A meme — such as the Willy Wonka, Bad Luck Brian or the Scumbag Steve meme — can be the abstract concept for a joke in the sense that it is not always inherently funny, but derives its humor from the cult status that develops around it. Take the Einstein meme: it originally surfaced as a minor anecdote from a commenter on the social-networking site Reddit, when a commenter referred to a discussion they had in a Spanish class a few years back. In the class, the teacher was attempting to define the difference between conocer and saber, explaining that to saber the city of Boston would mean to know every inch of Boston, which would be impossible. It was here that one classmate countered with, “Einstein could, he’s wicked smaht.” Thus, a meme was born, but the important part here is that other than a certain quirkiness, the phrase itself is not really a joke. However, this phrase was picked up by fellow redditors and reused as nauseum in various other contexts. At times, it felt like posters were commenting simply because they knew they were setting up a joke for the Einstein punch line. That might not be the best way to explain a meme, but it might be the only way.
A meme is, in a sense, an inside joke shared by “the Net.” It feels almost as if everyone in the world were around a table, with keyboards for mouths, the ceaseless whir of machinery replacing the smoother, rounder human sounds. Every “that feeling when” replacing Jim’s famous fishing trip. Every Drake meme a modern, globalized version of Jane’s brilliant impression of a teapot. The only difference being that, at this wifi table, each inside joke is actually funny, at times even providing an insightful social critique. A lot of this social critique takes an almost absurdist bent, something like a Monty Python skit played out in single pictures.
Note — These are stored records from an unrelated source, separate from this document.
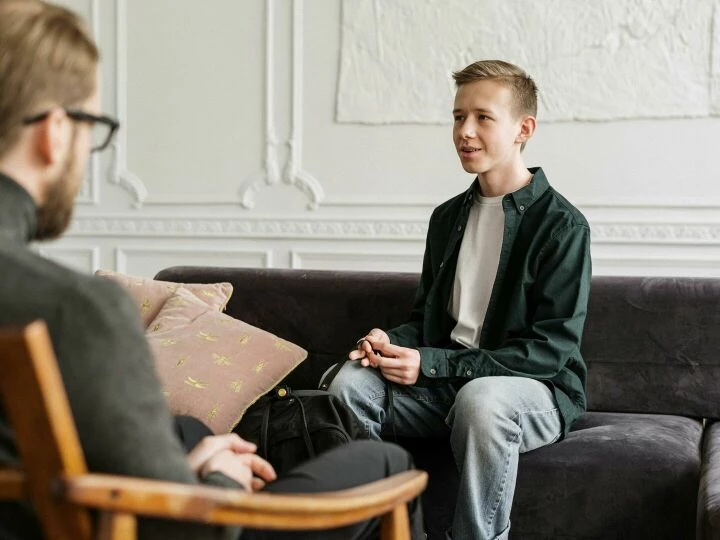 A teenage boy in a counseling session discussing with a therapist in an office setting.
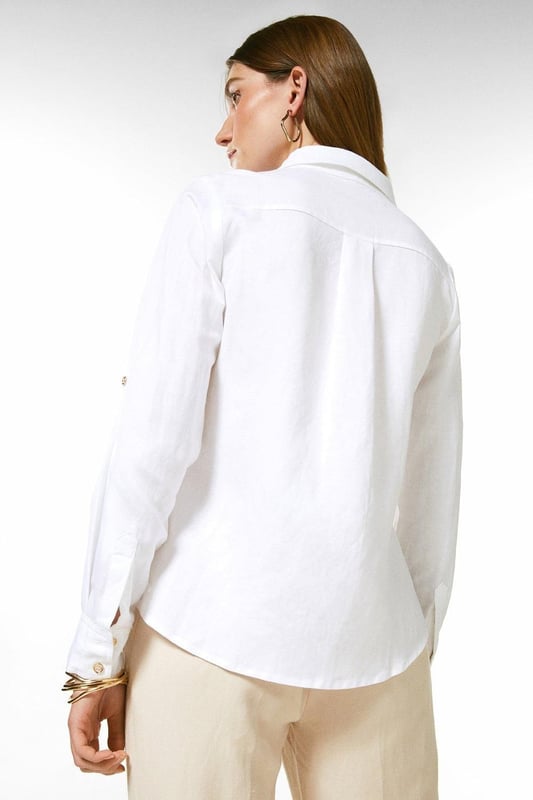 Timeless tailoring is presented with a proportional twist for this lightweight viscose linen shirt. This crisp piece has a point collar detailed with polished golden embossed buttons, and long sleeves. Pair this piece with tailored shorts and flats for a summer ensemble.Point collarButton detailingShirt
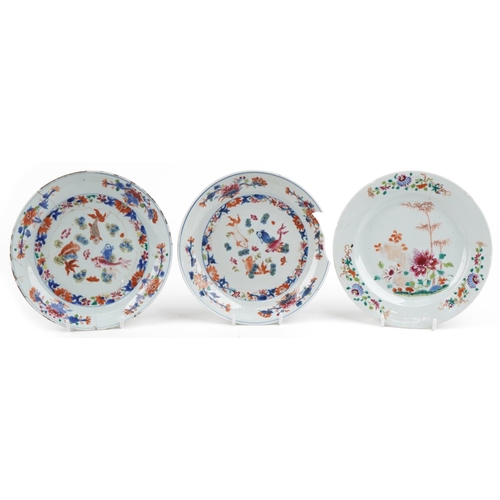 470 - A group of three Chinese porcelain plates, 18th century, with hand painted decoration, 23cm in diame... 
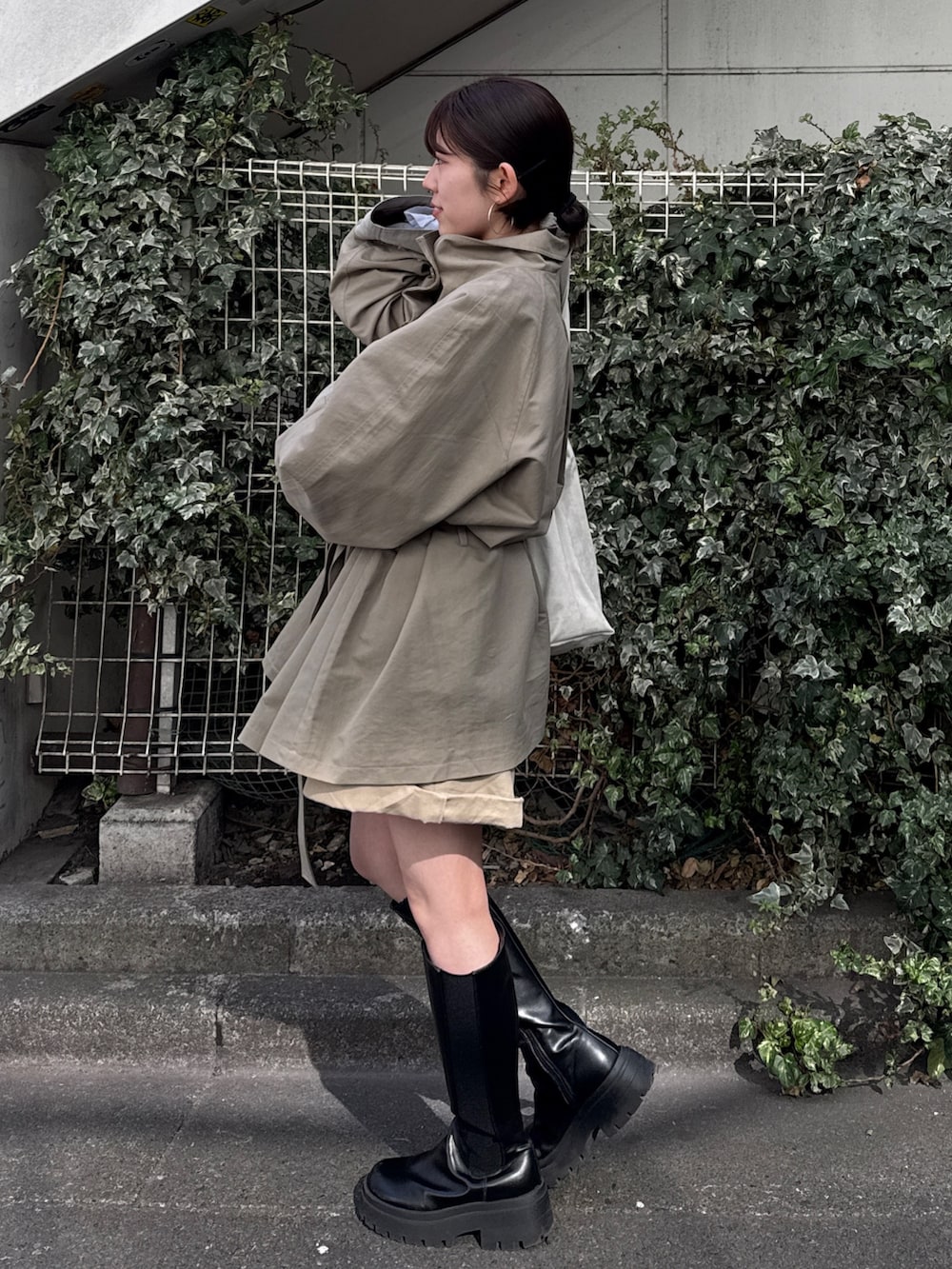 グリーン系のトレンチコート、ベージュ系のその他パンツを着用したレディースの冬コーディネートの5枚目の写真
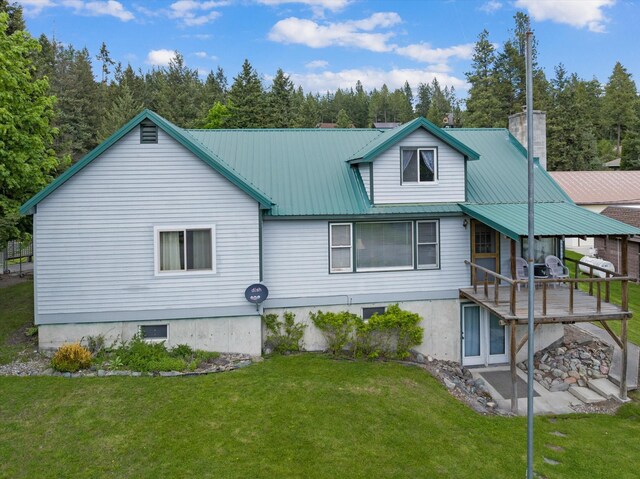 back of house with a lawn and a deck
“Memes are kind of a silly concept,” senior Roy Zawadski said. “They’re kind of a modern sense of humor, in the sense that now, our humor is adapting to this new form of technology: the internet, with posts on message boards, etc.”
This “internet humor” is most evident in the famous Doge meme, originally a picture of a Shiba Inu dog. The “Doge” meme surfaced as a satire of the average cat picture, except this time of a dog. Even then, it took its name from one of the first internet memes: Homestar Runner, a show about a flash cartoon character. The allure of the “Doge” meme is simply the absurdity of it all. A dog with a humanoid expression staring intently at his audience. “Doge” is not simply a funny-looking dog, it is an ethereal set of pixels clustered to twitch and tamper with the human conscious. It feels designed to give us the sense that we have laughed, and yet to never actually make us laugh. “Doge” feels funny to a lot people, and yet there is no clear reason why we feel that way other than “we just do.”
A meme is much more than a set of pictures or a passing fad, the basic human principles that underpin the spread of the meme are ones already on clear display during World War II with the spread of Kilroy, a figurine graffitied across the world by disgruntled soldiers. So perhaps a meme is not a thing, but rather an idea we still can not quite comprehend.